Saturday, 30 December 2017

Sentiment Analysis in Python by using Large Movie Review Dataset

Dataset

I am using "Large Movie Review Dataset" for this sentiment analysis tutorial. This dataset contains 50,000 movie reviews which is obtained from the Internet Movie Database (IMDB) for this specific task. Dataset contains two polarity level: negative and positive, each set contains 25,000 movie reviews. 
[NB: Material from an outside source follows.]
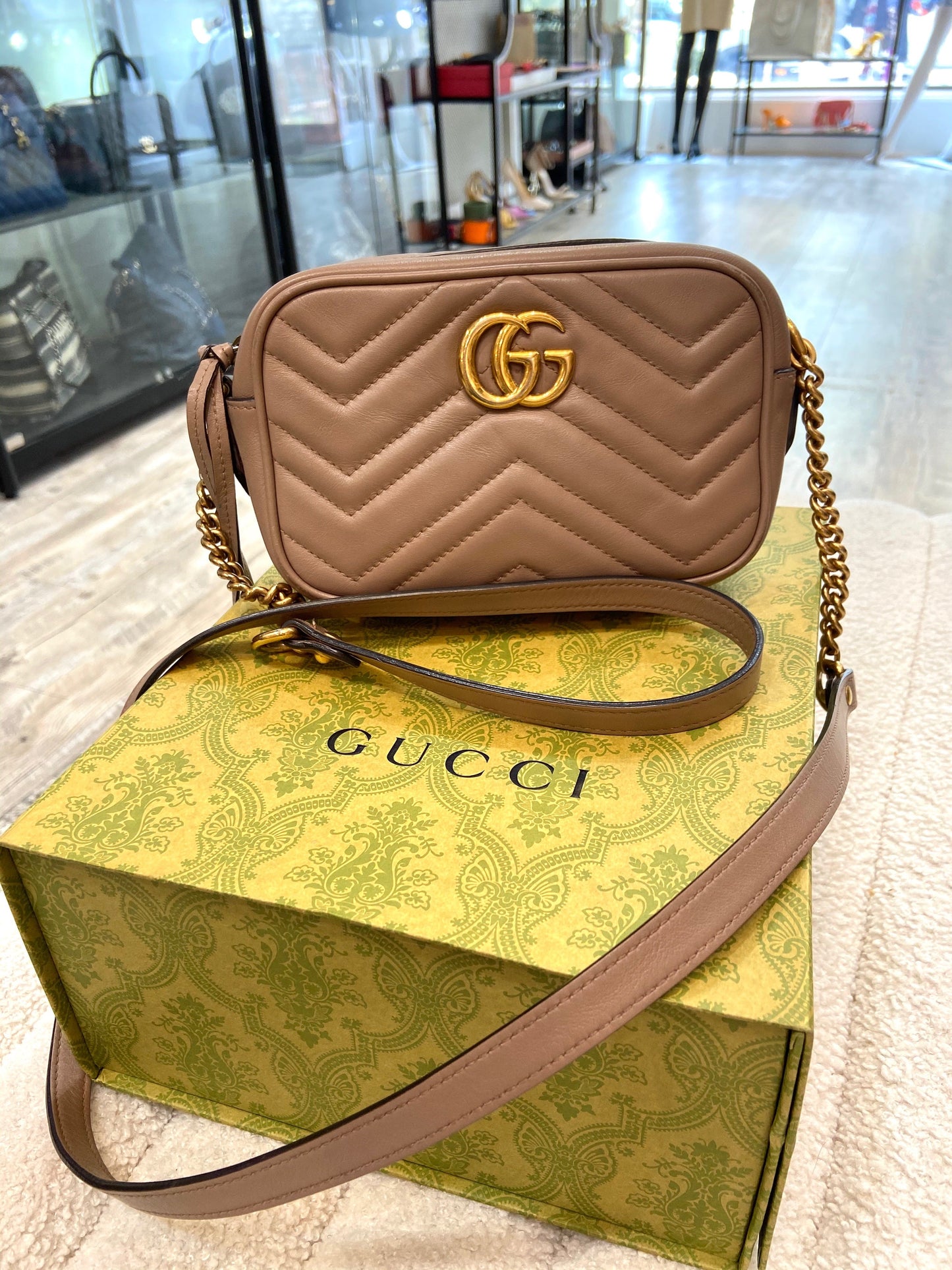 GUCCI GG MARMONT MINI MATELASSE CROSSBODY BAG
After download, extract the winrar file into your directory


Convert Dataset into .CSV file


import os
import pandas as pd
import numpy as np
labels = {'pos': 'positive', 'neg': 'negative'}
dataset = pd.DataFrame()
for directory in ('test', 'train'):
    for sentiment in ('pos', 'neg'):
        # Note: change the path name with your directory
        path =r'C:\Users\nlpgeek\sentiment\aclImdb/{}/{}'.format(directory, sentiment)             
       
        for review_file in os.listdir(path):
            with open(os.path.join(path, review_file), 'r', encoding='utf8') as input_file:
                review = input_file.read()
            dataset = dataset.append([[review, labels[sentiment]]],
                                     ignore_index=True)
dataset.columns = ['review', 'sentiment']
indices = dataset.index.tolist()
np.random.shuffle(indices)
indices = np.array(indices)
dataset = dataset.reindex(index=indices)
dataset.to_csv('movie_reviews.csv', index=False)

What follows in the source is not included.